Crush and Grind: Crush the rocks down to create a fine powder
Mix with Water: Mix the fine powder with water to create a thick, watery mud called slurry or pulp.
Add Chemicals: Three types of chemicals are added to the slurry: collectors, modifiers, and depressants. Collectors, like amines, are designed to attach to the surfaces of iron ore particles so they can be easily separated from impurities later. Modifiers control the pH levels of the slurry. Maintaining the correct pH level impacts how well the collectors attach to iron ore particles. Depressants, like starch and silica, prevent unwanted minerals from adhering to bubbles where the iron ore particles attach in the next phase of the mining process.
Create Bubbles: Air is blown into the slurry to create a frothy layer. With the added chemicals, the iron ore particles attach to the bubbles.
Collect the Froth: The iron ore bubble froth is skimmed off the top of the slurry.
Separate: The collected froth may still contain other impurities but is rich in iron ore. Then, it is processed further.
Dry and Prepare for Shipping: The concentrated iron ore is dried and prepared for shipping to be used in iron and steel factories.

The data for this project focuses on steps three through six of this process.

Objective

For this project, I’m assuming a data analyst role for a mining company to analyze data from a flotation plant. I have been tasked with the following main objectives:

Identify correlations within the dataset.
Investigate if something significant happened on June 1st.
Determine how the critical columns changed throughout the day on the first of June.

Key Findings

The pH levels of the ore pulp are always between 8.8 and 10.8, which is within the target range
Strong linear relationships exist between the percent silica and iron feeds and the percent silica and iron concentrations.
Fluctuations in critical columns on June 1st were within the normal range, indicating there was not an incident on the first of June.

The Data

The data for this project is from March 2017 to September 2017 and can be found on Kaggle, a community platform where data analysts and data scientists can discover and publish datasets. This is real-world data from a flotation mining plant in South America. The collected data is from one portion of the refining iron ore process.

This dataset contains over 730,000 samples or changes in the flotation process. The timestamp column reveals that some samples were taken every 20 seconds, while others were taken hourly. The columns containing the percent iron feed and percent silica feed are quality measures of the iron ore before it is fed into the flotation plant. The columns that state the starch flow, Amina flow, ore pulp flow, ore pulp pH, and ore pulp density are the most critical variables that impact the ore quality at the end of the process. The airflow and the slurry froth level columns also affect ore quality. Lastly, the percent iron concentrate and percent silica concentrate are measured again at the end of the flotation process.

The data was downloaded as a Comma Separated Values (CSV) file and then imported into Python, a computer programming language used to perform data analysis, through Deepnote.

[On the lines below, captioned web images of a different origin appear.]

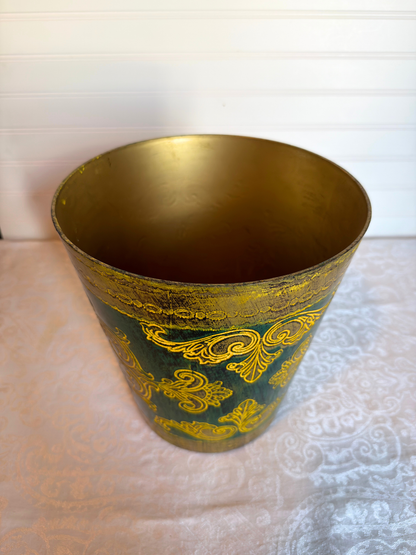 top of Decorative wastebasket with gold patterns on a green background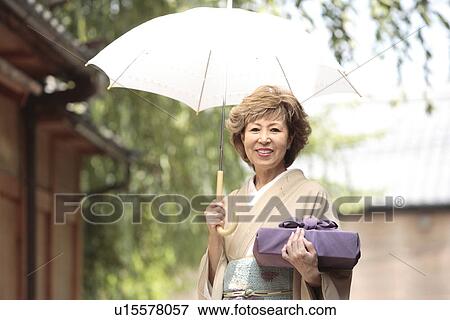 Mature woman in Kimono holding umbrella and gift, Kyoto city, Kyoto prefecture, Japan View Large Photo Image Stock Photo - Mature woman in Kimono holding umbrella and gift, Kyoto city, Kyoto prefecture, Japan. Fotosearch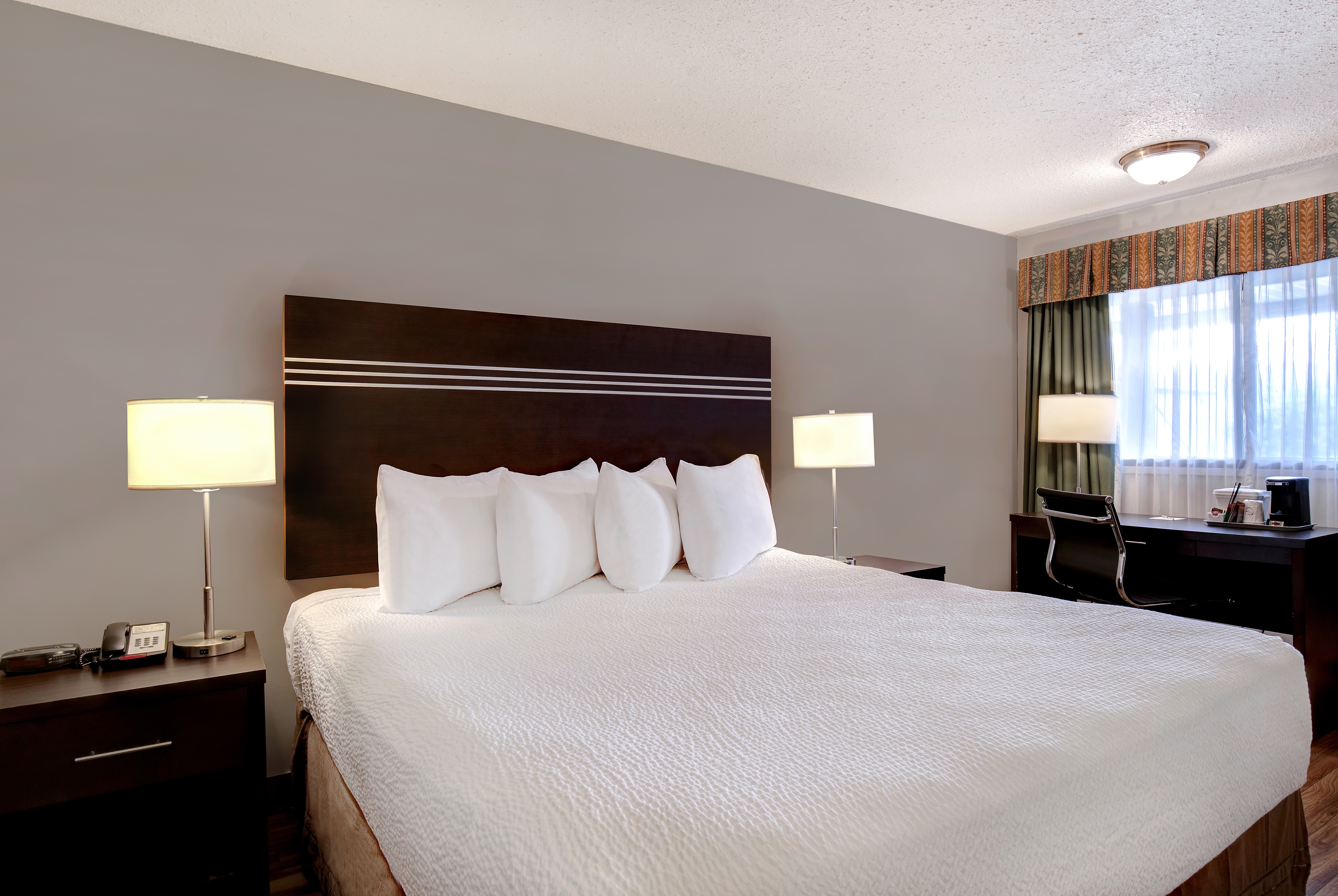 King bed guest room at the Days Inn by Wyndham Vernon in Vernon, British Columbia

Like Jupyter, Deepnote is an interactive development environment (IDE) that allows you to write and run Python code and visualize data, but it is a cloud-based platform.

Python Libraries Used in This Project:

Pandas
Seaborn
Matplotlib
NumPy

Analysis: Data Overview

To begin this analysis, I imported the Python libraries Pandas, Matplotlib, Seaborn, and NumPy, as shown in the code below:

Click the picture above to enlarge the query on certain devices

Then, I used the Pandas library to import the dataset into Python. To shorten the name of the CSV file, I called it “df” for the data frame, as shown below:

To get a snapshot of the data, I utilized the method “head()” on the data frame object to show the first five rows of the dataset. Below is the code and a portion of the corresponding output:

Click the pictures above to enlarge them on certain devices

Notice how elements within the columns have a comma instead of a decimal point. This problem would make any analysis inaccurate. As a result, I wrote the Python code below to change each comma within the dataset to a period and save over the original data frame. This way, each time I call “df” in the code, it will use the modified table with decimal points in the appropriate places. Below is the code and snapshot of the corrected data frame.

Next, I wanted to know the size of the dataset. So, I used the “shape” attribute within Pandas to retrieve the dataset's number of rows and columns. Below is the code that I utilized for this overview:

The output for this code was:

(737453, 24)

This means there were 737,453 rows, which represent samples or various measurements taken during the flotation process, and 24 columns that represent the percent iron and silica entering the plant, chemical measures, airflow adjustments, froth levels, and final percentages of iron and silica concentrates.

Next, I wanted a quick rundown of each column's name so I could easily refer back to them throughout my analysis. Below is the code and corresponding output:

In many datasets, dates are commonly classified as strings or other quantities, which can be problematic when performing an analysis. I used the following code to determine how dates were classified within the dataset:

The output for this code was:

<class 'str'>

‘str’ means the data within this column is categorized as text. Since dates must correlate to a timestamp, I wrote the following code to make this adjustment:

The output for this code was:

<class ‘pandas._libs.tslibs.timestamps.Timestamp’>

This means I successfully changed the “Date” column from being classified as text to a date or timestamp.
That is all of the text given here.